June 16 will mark the one-year anniversary of the debut of Blaine Hardy. He went two innings in an 11-8 loss to the Kansas City Royals, striking out two and keep the Royals off the board. Hardy was able to provide relief to a bullpen that desperately needed it. Despite missing the first two months, the rookie was second to Joba Chamberlain in bullpen fWAR on the team. His 2.54 ERA seemed to fly under the radar at times. Well, it's year two for Hardy, and he's pitching better than before.
The season could not have started out worse for Hardy. In his first four appearances, he gave up seven runs in 6-2/3 innings.
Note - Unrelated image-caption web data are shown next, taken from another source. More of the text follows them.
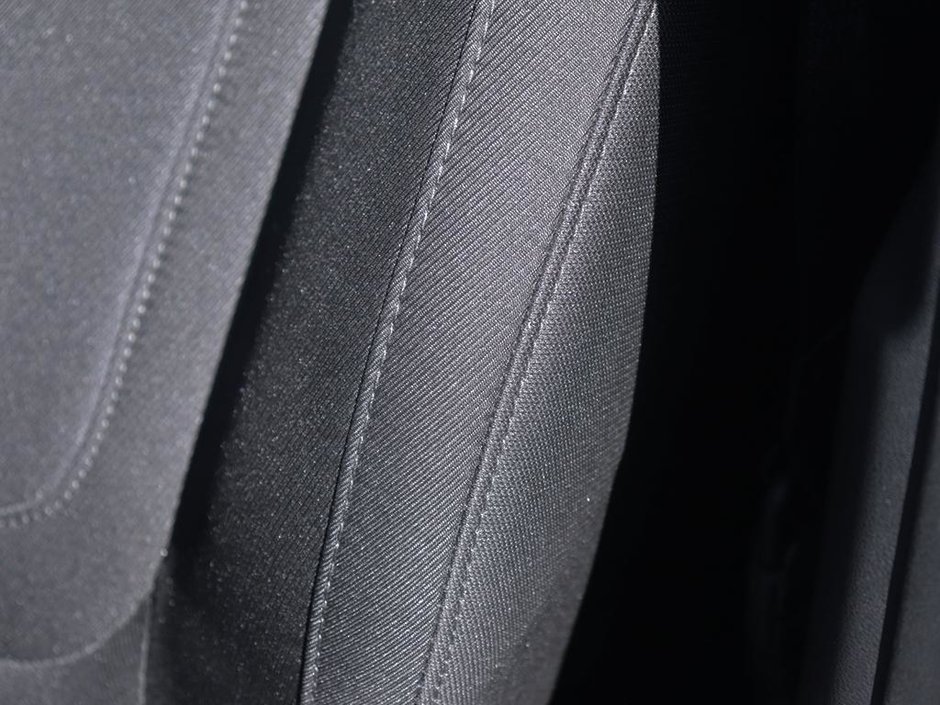 2026 Hyundai TUCSON Preferred-19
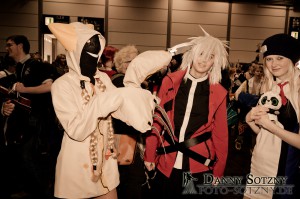 Leipziger Buchmesse 2011--279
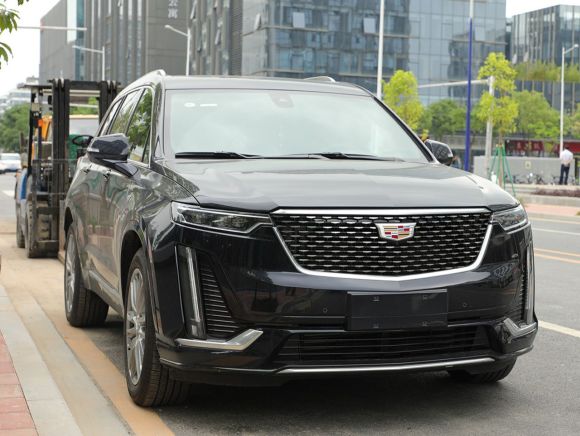 免征车辆购置税政策，免征车辆购置税范围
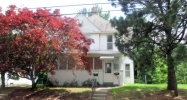 1347w 12th St Davenport, IA 52804 - Image 937068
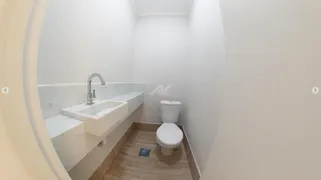 Fazenda / Sítio / Chácara com 6 Quartos à venda, 312m² no Chácara Santa Margarida, Campinas - Foto 17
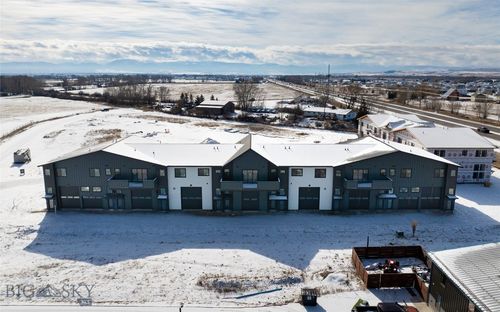 2605 Fremont St, Bozeman, MT, 59718-2613 | Card Image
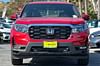 7 thumbnail image of  2024 Honda Passport EX-L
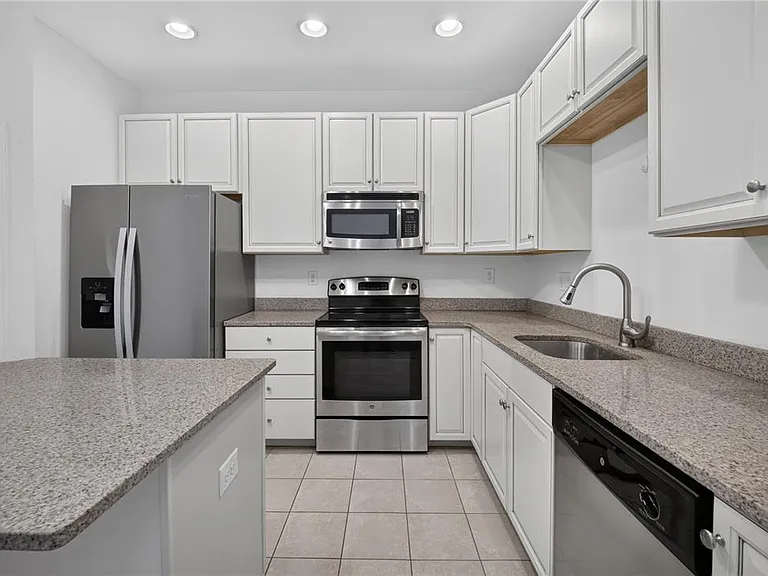 5127 Dogwood Trl — Photo 13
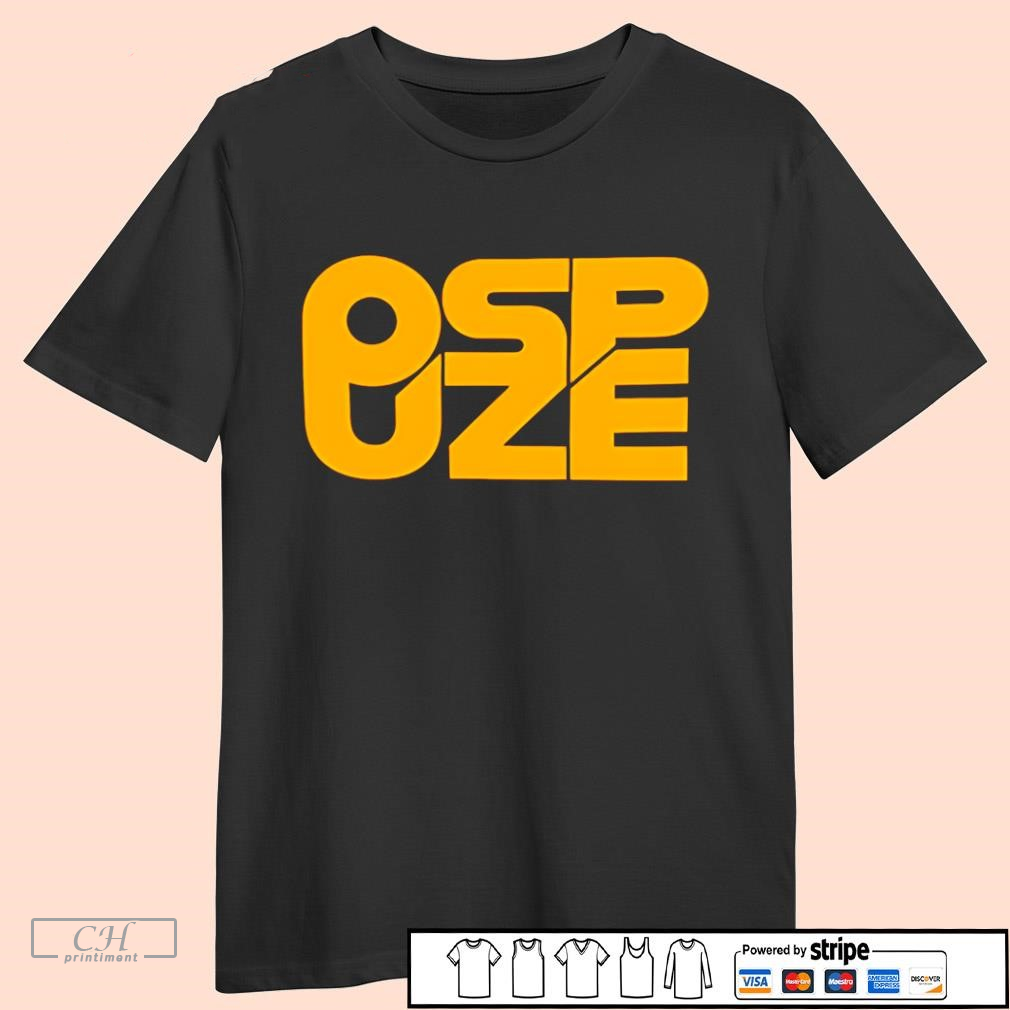 The finals ospuze shirt, hoodie, sweater Sweatshirt | CoreVibeTees.com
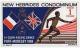 Colnect-1303-939-French-and-British-Flag-Relay-Runners.jpg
It appeared as though he was the next in a long line of pitchers that Dave Dombrowski has found that provide one year of solid contributions before slowly fading out.
Since then, Hardy has been a force. In his past 20 appearances, spanning 17 and two thirds innings, he's allowed just one earned run. He's struck out 15 while walking just four over that span, good for a FIP of 2.03 during that stretch. In fact, Hardy has catapulted to the top of the Tigers' fWAR leaderboards (not counting that one time Alex Wilson started a game). He's been one of the best on the team over the last month.
What, exactly, is fueling Hardy's production? Mostly, it comes down to him not giving up any home runs this year. There's a definite small sample disclaimer there especially after 24 innings, but he also only gave up three in 86 total innings last year (one in the MLB, two in Triple-A). Just three home runs in over 110 innings is a good sign, although home run rates take longer to stabilize.
On top of his excellent home run rate and improving strikeout-to-walk profiles, Hardy has rated very highly in context-dependent situations. He's second on the team to closer Joakim Soria in WPA and third behind Soria and Alex Wilson in RE24. He has four "shutdown" performances on the year (where he adds at least 0.05 to Win Probability of the team) against just one "meltdown" (losing at least 0.05 from the Win Probability). By all measures, Hardy has been an excellent, reliable arm.
So why is it that Hardy is the forgotten member of the bullpen? Per the Fangraphs Leverage Index, Hardy is tied for fifth in the bullpen in average leverage index, behind Soria, Joba Chamberlain, Angel Nesbitt, and Tom Gorzelanny. Manager Brad Ausmus has shown a timidity to go with the young lefty in close situations to gain the platoon advantage in spite of Hardy's complete dominance against same-side hitters: batters have managed just a .186/.255/.214 line from the left side against him thus far.
Ausmus has done a good job taking advantage of those numbers when Hardy enters the game, which is why he has faced almost an identical number of right-handed versus left-handed pitching. However, Ausmus had shied away from allowing him to take on opportunities to hold leads or ties where they are, instead entrusting the struggling Tom Gorzelanny.
Fast forward to Tuesday night. Detroit was leading 6-0 in the eighth inning when Anibal Sanchez loaded the bases. With two outs it was clear Sanchez was done, and Ausmus signaled to the bullpen. With the power-hitting lefty Miguel Montero due up, Ausmus called on not Hardy, but the right-handed Joba Chamberlain -- the same Chamberlain who has allowed a .310/.321/.464 line to lefties this year. Chamberlain got Montero to chase on a 3-2 pitch, and Detroit dodged a bullet, but still, the Tigers' best option was relegated to the bench when the opportunity arose.
On Wednesday night, the call to the bullpen was once again made in the seventh. Detroit had just cut the gap in the half against the Cubs and only trailed by three. Hardy had not pitched in five days and was an option to keep the game close. Instead, Ausmus went to Nesbitt, who was once again shelled, then Tom Gorzelanny, who walked Dexter Fowler before giving up a hit to the left-handed Anthony Rizzo. The real kicker, however, is that Al Alburquerque was the next man up. Against Montero, Alburquerque gave up a home run that may still be flying. It was only after all others had tried and failed that Ausmus called upon Hardy, who pitched an easy ninth. The trust Ausmus has put in Nesbitt and Gorzelanny failed in this scenario
It's time for Ausmus to give Hardy the chance to protect leads at the expense of floundering options like Nesbitt and Gorzelanny. Brad Ausmus needs to take this step to maximize his bullpen's effectiveness.